# Arctic Freezer 7 PRO Rev. 2 - minimale Drehzahl



## shannes (22. Juni 2012)

Hallo zusammen!
Auf nem Office-Rechner hab ich statt dem Boxed-Kühler den Freezer 7 im Einsatz. Ziel: Kühler und vor allem leiser!
Der 92mm-Lüfter des Freezer hat laut Hersteller ein Drehzahlband von 900-2200rpm. Ich bekomme ihn aber nicht unter ~1450rpm im Ide (CPU Temperatur 32°C).

Hab mit AXTU den "automatic mode" für CPU_FAN 1 & 2 aktiv. Target CPU Temperatur auf 45°C und Target Fan Speed auf Level1.
Tips von Threshold - danke nochmal - die Target Temp zu erhöhen bzw mit den Speed-Leveln zu spielen brachte keine Besserung. Bei Erhöhung des Levels steigt die Drehzahl des 92ers direkt an.
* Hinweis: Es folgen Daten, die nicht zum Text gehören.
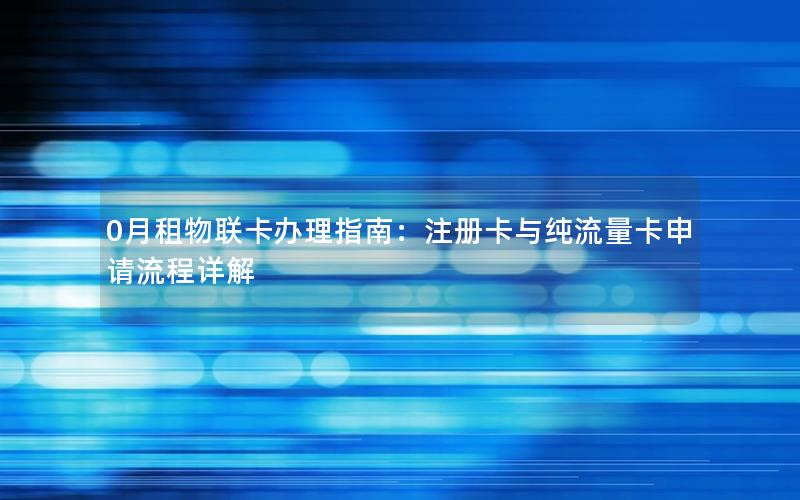 0月租物联卡办理指南：注册卡与纯流量卡申请流程详解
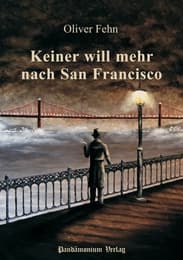 Cover von Keiner will mehr nach San Francisco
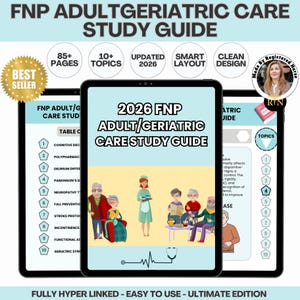 Hyperlinked UPDATED 2025! Adult Geriatric Nurse Practitioner Clinical Guide, FNP Study Guide, FNP Nervous System,Nurse Practitioner Clinical
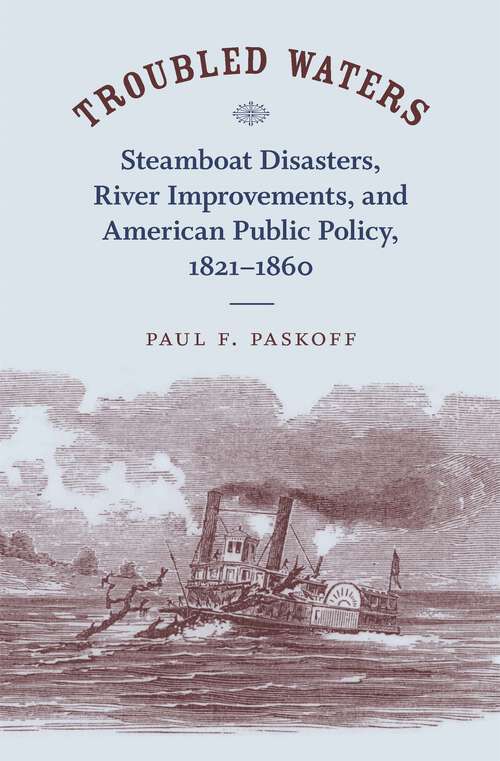 Book cover of Troubled Waters: Steamboat Disasters, River Improvements, and American Public Policy, 1821--1860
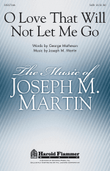 O Love That Will Not Let Me Go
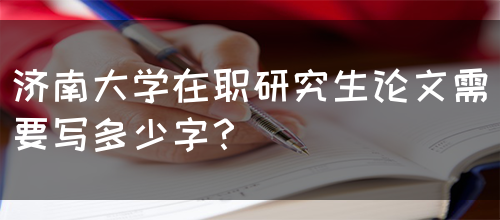 济南大学在职研究生论文需要写多少字？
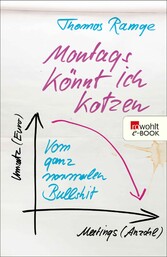 Montags könnt ich kotzen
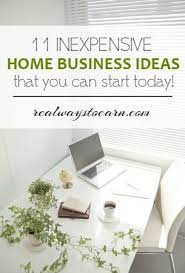 11 Inexpensive Home Business Ideas Home Business Home Based Business Business Tips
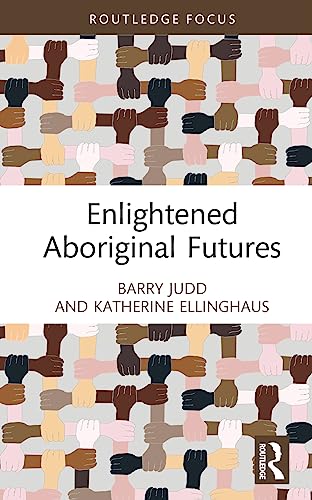 Stock image for Enlightened Aboriginal Futures for sale by GreatBookPrices
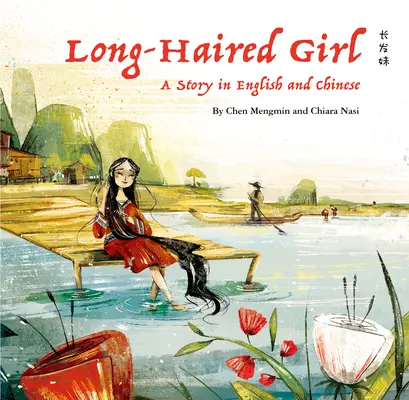 A hosszú hajú lány: Egy történet angolul és kínaiul - The Long-Haired Girl: A Story in English and Chinese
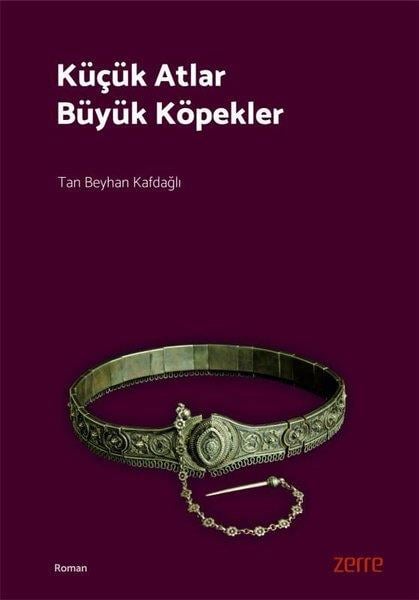 Tan Beyhan KafdağlıTürk RomaniKüçük Atlar Büyük Köpekler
Das gleiche Prozedere habe ich im BIOS versucht, kein Unterschied.

Mit Speedfan (kenn mich nicht aus) habe ich ein bissl rumgespielt. Dieses liest die Drehzahl CPU_FAN gleich aus. Weiter unten erkennt man, dass der Lüfter bei 46% steht. Eine Reduzierung dieses Wertes bringt keine Reduzierung der Drehzahl des Lüfters.
Naja, will eigentlich auch nicht mit Speedfan regeln, da eventuell Linux verwendet werden soll und Speedfan damit raus ist. Ich will eigentlich ein Betriebssystem unabhängige Regelung des Fans.  Dafür ist doch das Board zuständig, dachte ich.....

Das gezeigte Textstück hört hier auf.